3.  In the context of astonishingly deep and rapid technological advances, the emergence of no fewer than ten disruptive (in the Clayton Christensen sense) legal technologies: automated document assembly, relentless connectivity, the electronic legal marketplace, e-learning, online legal guidance, legal open-sourcing, closed legal communities, workflow and project management, embedded legal knowledge, and online dispute resolution.
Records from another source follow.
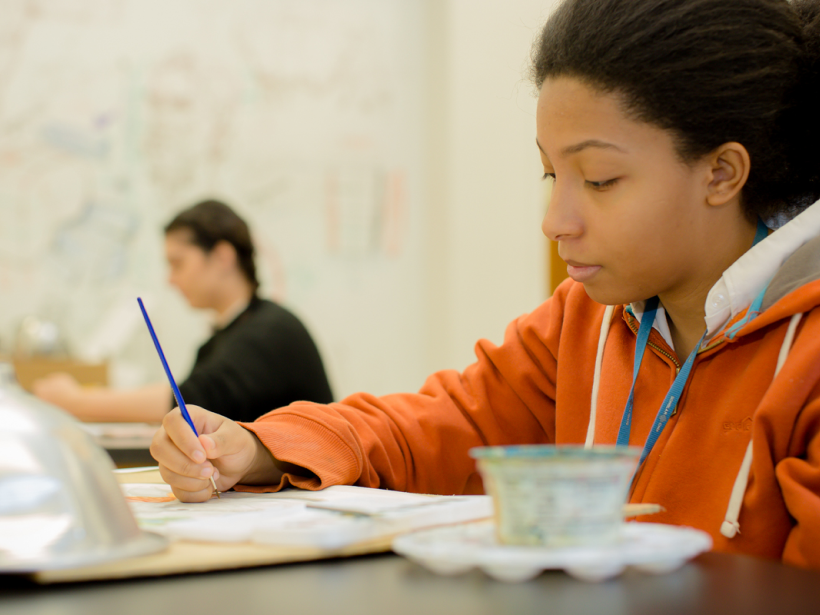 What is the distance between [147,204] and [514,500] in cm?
276

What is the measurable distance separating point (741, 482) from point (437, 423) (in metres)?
0.37

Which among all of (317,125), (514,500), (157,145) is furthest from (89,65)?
(514,500)

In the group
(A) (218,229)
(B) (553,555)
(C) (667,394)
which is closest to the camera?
(B) (553,555)

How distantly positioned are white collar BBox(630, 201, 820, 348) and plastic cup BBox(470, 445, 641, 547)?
423mm

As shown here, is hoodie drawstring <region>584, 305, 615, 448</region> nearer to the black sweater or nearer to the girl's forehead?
the girl's forehead

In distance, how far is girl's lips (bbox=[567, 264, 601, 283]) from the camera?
32.4 inches

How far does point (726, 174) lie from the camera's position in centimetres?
82

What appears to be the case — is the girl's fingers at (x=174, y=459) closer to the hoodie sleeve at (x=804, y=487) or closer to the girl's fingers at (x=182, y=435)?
the girl's fingers at (x=182, y=435)

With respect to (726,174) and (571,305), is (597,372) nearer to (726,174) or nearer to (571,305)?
(571,305)

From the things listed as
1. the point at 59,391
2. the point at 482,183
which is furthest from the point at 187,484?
the point at 482,183

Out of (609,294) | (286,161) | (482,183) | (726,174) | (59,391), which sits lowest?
(59,391)

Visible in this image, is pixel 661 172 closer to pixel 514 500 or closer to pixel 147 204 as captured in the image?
pixel 514 500

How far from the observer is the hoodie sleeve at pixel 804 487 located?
59 centimetres

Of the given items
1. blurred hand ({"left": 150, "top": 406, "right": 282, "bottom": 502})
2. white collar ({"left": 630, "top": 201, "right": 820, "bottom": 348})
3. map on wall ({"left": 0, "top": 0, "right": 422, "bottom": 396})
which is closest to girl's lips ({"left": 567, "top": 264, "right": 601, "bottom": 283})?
white collar ({"left": 630, "top": 201, "right": 820, "bottom": 348}) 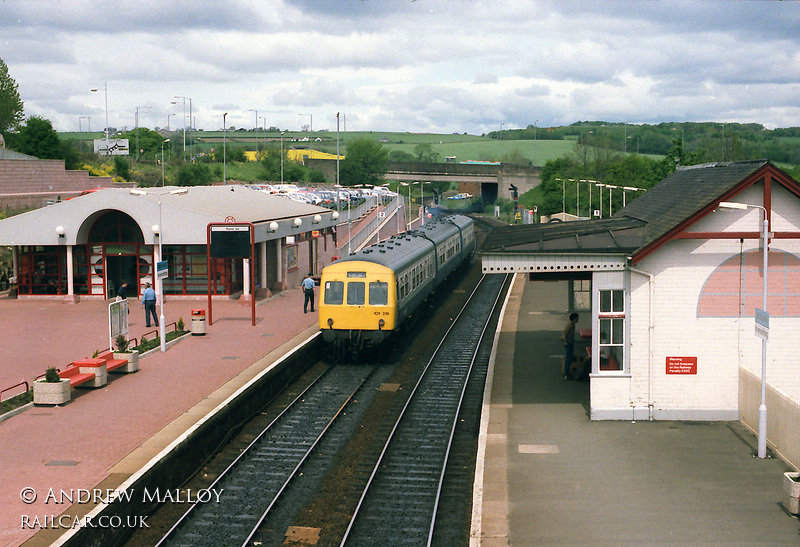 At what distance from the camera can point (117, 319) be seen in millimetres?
24062

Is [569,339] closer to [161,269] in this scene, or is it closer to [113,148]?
[161,269]

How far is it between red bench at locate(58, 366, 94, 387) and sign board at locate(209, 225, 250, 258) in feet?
35.1

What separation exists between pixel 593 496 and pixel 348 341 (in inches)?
503

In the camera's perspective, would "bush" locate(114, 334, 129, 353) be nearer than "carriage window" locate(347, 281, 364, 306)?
Yes

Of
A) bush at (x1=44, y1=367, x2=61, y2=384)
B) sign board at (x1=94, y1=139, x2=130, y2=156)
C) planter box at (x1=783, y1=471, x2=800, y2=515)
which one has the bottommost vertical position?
planter box at (x1=783, y1=471, x2=800, y2=515)

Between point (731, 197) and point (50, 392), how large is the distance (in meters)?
15.0

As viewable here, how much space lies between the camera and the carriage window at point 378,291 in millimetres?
25047

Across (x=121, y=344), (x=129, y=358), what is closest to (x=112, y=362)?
(x=129, y=358)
These developments offer tremendous opportunity for more efficient and effective legal services delivery; but they also represent major threats to various aspects of the traditional law firm business model.

For his full review click here.   You can also follow Jordan on Twitter by clicking here.  Jordan also recommends an equally good read,  Bruce Marcus on the massive upheaval in legal practice which you can access here.

There is a lot said in that three paragraph summary and the actual book goes into all the detail.    But it is all driven by two forces:  a market pull towards the commoditization of legal services; and the pervasive development and uptake of new and disruptive legal technologies.

Oh, and our jobs.  The problem is that everyone else has the same problems right now so there’s a need for a personal constructive approach.

And one thing happening is that many laid-off lawyers (and contract atttoneys) are shaking off the “inner hysteria” (Susan Cartier Liebel’s phrase; see below) and going solo, going independent.  See links here, here and here.

And what about being an independent contract attorney?  Possible?  Of course it is.  Hard work?  Of course it is.  But we provide just two examples of how it can be done and how successful you can be:  Kimberly Alderman at Lawyer On! The Contract Attorney’s Blog  and Lisa Solomon at  Legal Research and Writing.

And building a solo practice?  Then start with Susan Cartier Liebel and her blog Building a Solo Practice and Carolyn Elefant at MyShingle.   And check out Rex Gradeless at Social Media Law Student.

And no, we aren’t getting fees for the honorable mentions above.  We are trying to assist the Posse List membership as best we can.  You now number 13,000+ and include lawyers, law students, law firms, EDDs, legal organizations, etc.  Many of you have asked us to cover freelance and “going solo” solo opportunities .

Well, we can’t replicate all the phenomenal sites and bloggers out there that cover freelance, independent contract attorney opportunities and going solo opportunities so what we’ll attempt to do is point you the right direction.  We expect to launch our new site within the next 10 days (Lord willing and the crik don’t rise) and will incorporate a potpourri of links.  And we’ll continue our distribution of news on document review work projects, Federal government projects and the seeming endless stream of foreign language projects in the U.S. and Europe.

In the end, as Jordan Furlong and I believe, the day is coming when the appellation “contract attorney” is a redundancy.  Or as Jordan picks up the theme:  “I can see more and more ‘free agent’ lawyers working when they need/want to, coming together and dispersing on a project-by-project basis, and generally turning on its head the presumption that most lawyers work in law firms”.